Gaze-directed Vision GNN for Mitigating Shortcut Learning in Medical Image
Shaoxuan Wu, Xiao Zhang, Bin Wang, Zhuo Jin, Hansheng Li, Jun Feng
TL;DR
This work addresses shortcut learning in medical image analysis by leveraging radiologists' gaze as a prior. It introduces GD-ViG, an end-to-end framework with a gaze map generator (GMG) and a gaze-directed classifier (GDC) that uses gaze-distance based graph construction to focus on disease-relevant foregrounds, eliminating the need for real gaze data at inference. GMG learns gaze patterns via a loss $ L_{GMG} = \frac{1}{HW} \sum (gm_i - g_i)^2 $, while GDC builds a graph with distance dist(x_i, x_j) = ||x_i - x_j||^2 + lambda_g ||gm_i - gm_j||^2 * gm_i and optimizes $ L = L_{GMG} + lambda_c L_{GDC} $. Experiments on SIIM-ACR and EGD-CXR show state-of-the-art accuracy and improvements in AUC and F1, with ablations confirming the benefits of combining CNN and GNN-based gaze map generation and of gaze-distance fusion for robust, interpretable graph structures. The approach enhances practical applicability by removing the need for real gaze during inference and improves reliability in detecting subtle and sparse disease indicators in chest X-rays.
Abstract
Deep neural networks have demonstrated remarkable performance in medical image analysis.

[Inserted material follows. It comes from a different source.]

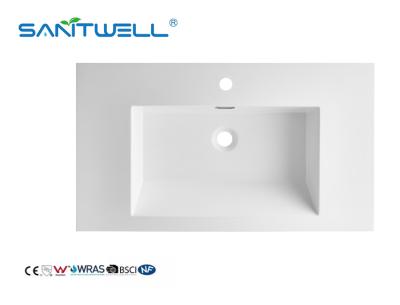 중국 호텔을 위한 SWJ800 중국 최고의 품질 뜨거운 판매 돌 수지 독 욕실 광택이 나는 백색 사각형 형태 내각 독 판매용
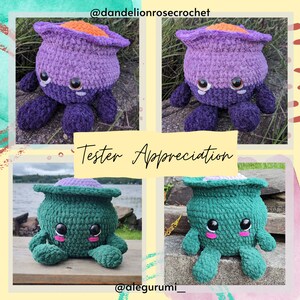 May include: Four crocheted plush toys in different colors. Two are purple with orange accents and two are green with purple accents. The toys have large eyes and a round, pot-like shape. The text "Tester Appreciation" is in the center of the image.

However, its susceptibility to spurious correlations due to shortcut learning raises concerns about network interpretability and reliability. Furthermore, shortcut learning is exacerbated in medical contexts where disease indicators are often subtle and sparse. In this paper, we propose a novel gaze-directed Vision GNN (called GD-ViG) to leverage the visual patterns of radiologists from gaze as expert knowledge, directing the network toward disease-relevant regions, and thereby mitigating shortcut learning. GD-ViG consists of a gaze map generator (GMG) and a gaze-directed classifier (GDC). Combining the global modelling ability of GNNs with the locality of CNNs, GMG generates the gaze map based on radiologists' visual patterns. Notably, it eliminates the need for real gaze data during inference, enhancing the network's practical applicability. Utilizing gaze as the expert knowledge, the GDC directs the construction of graph structures by incorporating both feature distances and gaze distances, enabling the network to focus on disease-relevant foregrounds. Thereby avoiding shortcut learning and improving the network's interpretability. The experiments on two public medical image datasets demonstrate that GD-ViG outperforms the state-of-the-art methods, and effectively mitigates shortcut learning. Our code is available at https://github.com/SX-SS/GD-ViG.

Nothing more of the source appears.